Iraqis say security forces use torture to extract confessions

BAGHDAD — As she tells it, security forces put her in solitary confinement for days on end, whipped her with electric cables and accused her of having sex with a stranger. Humiliated and fearful for her life, the 46-year-old Iraqi housewife went before a TV camera and “confessed” to helping insurgents.
It didn’t matter that her confession was a lie, Khalida Zakiya said.

“If you don’t say what we tell you,” she claims one interrogator told her, “I will rip your clothes off and leave you naked in front of everyone.” Another threatened to sodomize her with a bottle, she said in a phone interview Tuesday from her home in Mosul.

Zakiya appeared on a much-touted Iraqi TV programme that airs confessions of alleged insurgents. The show has won the praise of security officials who credit it with boosting Iraqis’ confidence in security forces, hurting the insurgency.

But the programme has come under criticism from Iraqi lawyers, former detainees and families of suspects who accuse security officials of abusing suspects to extract the confessions, a practice reminiscent of Saddam Hussein’s era.

Iraq’s acting human rights minister, Nermine Othman, said she was aware of the allegations and has written to the interior and justice ministries about them.

Laith Kuba, spokesman for Prime Minister Ibrahim Jaafari, acknowledged there have been “cases of detainees subjected to pressure.” But Kuba said there also were cases “where judges confirmed that these were real and complete confessions.” The programme, which airs nightly, began in February.

Officials say they don’t know exactly how many alleged confessions have been televised, and some episodes have been repeated. But they believe the number is in the hundreds.

The Iraqi lawyers association, however, has criticised the show and suggested the purported confessions are based more on fear than on fact.

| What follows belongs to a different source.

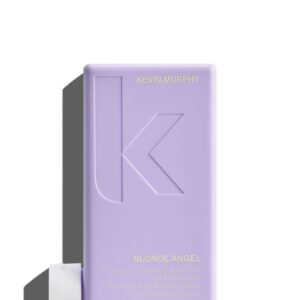 Blonde.Angel – Hamvasító és színmegújító pakolás szőke hajra (250 ml)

In a recent report, the association named 27 people it says are alive despite televised statements by people claiming to have killed them.

The report claims that the show’s interrogators “have twisted the truth and limited their work to words extracted under duress,” practices it says are a throwback to the days of Saddam when torture was widely used against opponents of the regime.

Iraqis who watched the show in February might have seen Zakiya, her pale face framed by a black veil, claiming to have given insurgents money and explosives.

She said the elite interior ministry force known as the Wolf Brigade arrested her to try to force her brother to turn himself in. He is now in detention on suspicion of being a high-level insurgent in Mosul, but she claims he is innocent.

After she had spent 11 days in solitary confinement, two men appeared at her cell door, blindfolded her and dragged her away. “Shut up! We will tear you to pieces and throw you in the river if you utter a word,” she claims they said.

She was taken to a room where interrogators confronted her with a man she says she had never met before. The man said he had sex with her and that she gave him money and explosives to attack Americans.

“How can you say such things?” she asked him when the officials weren’t looking. He raised his pants and showed her blood running down his legs, she claimed. “I knew he said this because he was tortured.” She was then blindfolded again, handcuffed and gagged as about six men whipped her with electric cables for 15 minutes, she said.

Two days later she was escorted to a room and handed pieces of paper with a scripted confession, she claimed.

She recalls saying into the TV camera: “When my brother is not around, I give the people working with him money and dynamite.” Freedom came when the brigade left Mosul and transferred her to local authorities who, believing her to be innocent, released her 10 days later, nearly three months after her detention, she said.

Another former detainee, Khalid Ahmed Ibrahim, said he admitted to killing Iraqi security forces because he believed the alternative was to die of torture. Ibrahim’s photo ID appeared on the programme as he was branded a terrorist and a drug dealer, he said.

Ibrahim claimed he was tied to a ceiling fan and whipped on the chest, legs and head. He was released when he proved to his investigators, also from the Wolf Brigade, that he had three relatives who had been members of Iraq’s security forces, two of whom were killed by insurgents.

A spokesman for the Wolf Brigade, Ali Aboul-Hassan, denied the claims of physical abuse, saying they were designed to tarnish the reputation of the security forces, who are frequently targeted by insurgents. He said his force treated Zakiya well and insisted she was guilty.

Aboul-Hassan said investigators do not need to coerce detainees because they usually have enough evidence, such as confiscated CDs showing taped attacks or testimonies of other militants.

Brig. Gen. Wathiq Al Hamdani, deputy to Mosul’s police chief, said the people of Mosul owe much to the Wolf Brigade, which helped restore order in the city, and said individual mistakes shouldn’t be used against the whole force.

“These people [militants] used to rape women, slaughter them and throw them on the street. How should we respond?” Hamdani said. “In many instances, force is required.” Hamdani added, however, that there were “many misunderstandings” in Zakiya’s case.

After Zakiya’s release, Mosul’s police chief visited her at home, apologising to her on local television.

“She’s an honourable and pure woman,” Zakiya remembers him saying.

Zakiya was troubled the most by the sexual allegations against her. “I wish they had executed me and not tarnished my honour. In a way, they have killed me, at least socially, in the eyes of the people.”